'Women Who Code' CEO Paints Better Tech Pic
Alaina Percival, the CEO of Women Who Code, knows the tech industry is a wonderful place for women, and her goal is to make sure others know it too -- starting with changing the oft-reported notion that it's still a boys club or a hostile environment for women.
That's part of the reason she took on the top job at Women Who Code, a non-profit group focused on advancing women in their careers in the tech industry. The organization has more than 50,000 members in 20 countries and hosts ongoing events in 60 cities. These are events to connect women, help them build leadership skills and develop their programming skills -- and it's also to show them they are not alone.
"You are often on a team of 30 and there are two women, so we help with building your support network and making sure women feel that they belong," Percival says. "There are a lot of fantastic, talented women that are like you and different from you that are in the industry as well."
Highlighting the success of other women is important as a recent Women Who Code survey suggested women still feel they aren't many strong female role models for them in the tech field. And, they also report that they suffer from a lack of confidence as they progress in their careers. (See Women in Tech Need Role Models, Confidence.)
Percival caught up with Women in Comms to share more about the survey results, as well as why she's convinced the tech industry is good -- and getting better -- for women.
Women in Comms: Tell us your personal story.

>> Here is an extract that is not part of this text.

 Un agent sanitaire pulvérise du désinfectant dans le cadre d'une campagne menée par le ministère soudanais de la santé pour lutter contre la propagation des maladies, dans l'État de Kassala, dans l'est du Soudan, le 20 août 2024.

Alaina Percival: I came from the footwear industry, so this was a shift. When I moved to Silicon Valley, I was learning to code and working to transition my career. I had a good amount of success in footwear, but it didn't translate well to working in a small startup, which was my goal. So I learned new skills like coding and going to community events. I fell in love with spending time with smart women excited about technology and seeing the career successes coming about as a result of being involved with the community. For example, a woman came up to me last year -- we'd been around for awhile, and she said she was going to a Women Who Code event. Today, she's a senior data scientist and she was being flown across the country. She said she wouldn't be in this career had it not been for Women Who Code. I love collecting amazing stories for our women and leaders.
It's just about, one, learning new skills and, two, making things more accessible so women realize it's a great a place for them. I joined in August 2011 when it was just getting started. I filed for the 501c3 at the end of 2013 and defined the mission around women in their careers, primarily because I was working with CTOs and VPs of engineering and saw that fewer than 5% were women. In the media, there was a lot of conversation around getting girls into tech and teaching women to code. I was spending a lot of time with really smart women in the tech industry who were awesome and saw some threat if we were focusing on two parts of the funnel and not the third. That could make it worse if women were perceived as junior. If they are leaving the industry, these girls and young women learning could come into an industry that was not better and potentially be worse. By focusing on all three parts -- improving the pipeline with new searches, young women and women staying in their careers and making it into leadership roles, it means that when girls enter their career in five to ten years, they are entering the workforce with women to come before them.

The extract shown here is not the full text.